Beyond these initial desires for a data commons, there are a few other more immediate needs have been identified:
- We need to have a way to provide off-chain and on-chain compute functions access to data that is already stored on-chain as well as remote data that is tracked by hash on the blockchain
- Ideally we could just query the blockchain for that data in a contract
- We need some basic functional programming language that can be used to compute new data to be stored on chain based on data already on chain. For instance, we might need to convert tons of carbon in some verification claim to coins to be released from escrow or minted. Or we might want to convert tons of carbon to a regeneration score.

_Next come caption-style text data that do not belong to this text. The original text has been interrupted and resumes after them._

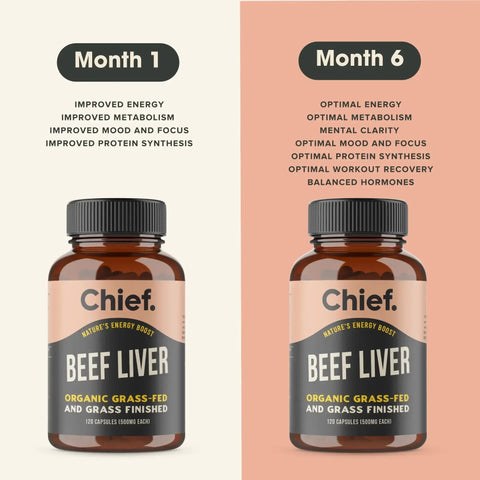 Organic Beef Liver Supplement (120 Capsules) Supplements Chief Nutrition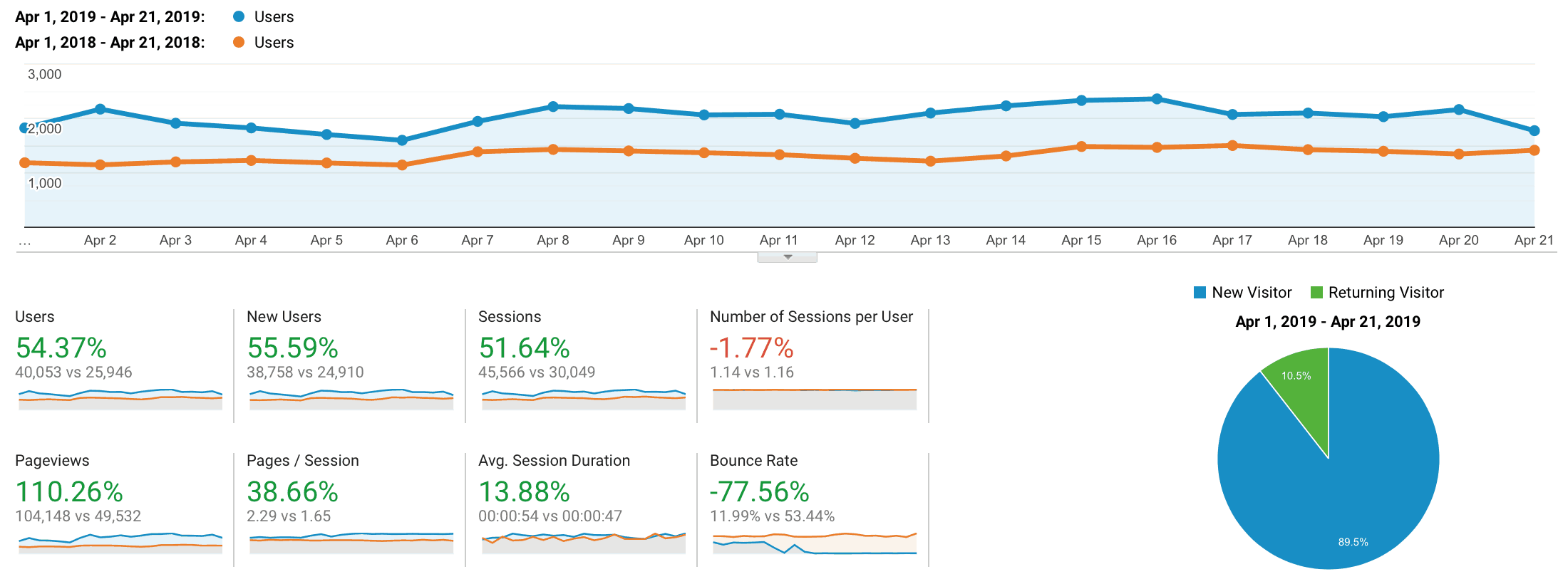 month to date traffic comparison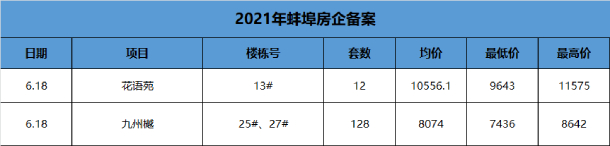 备案价格表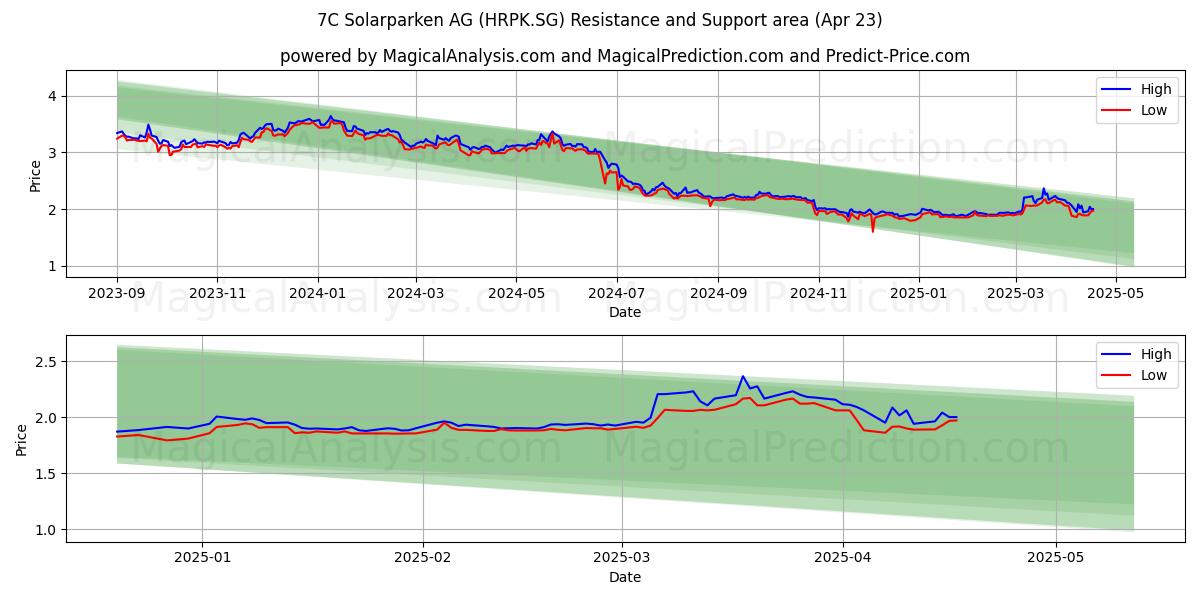  7C Solarparken AG (HRPK.SG) Support and Resistance area (23 Apr)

Sparql seems like a natural fit for 1 and 2, although there are other options
like SQL. Sparql may seem like a strange choice for 3 because it's not marketed
as a programming language. But upon studying our use cases more, it became clear
that most things like generating new ecological claims from existing claims or
computing a reward amount from ecological claims could be achieved by querying
the existing claims and generating some new claim. Sparql CONSTRUCT
allows
us to query an existing RDF dataset and produce a new RDF graph from that. Sparql has
full expression support, geo-spatial support via GeoSparql, and also the ability
to query remote endpoints via federation which could be used to include off-chain
data tracked by hash on chain in a single query. While an ideal solution
might also include a more robust type checker and some other nice features, it
seems like Sparql checks most of the boxes to achieve these immediate important
needs for the system. In the future, a more custom built programming language,
which we have been calling Ceres, may reach maturity and fulfill a similar
role and even be adapted to work on-chain. For now, it appears existing RDF and
Sparql tools can be adapted to provide sufficient near term functionality.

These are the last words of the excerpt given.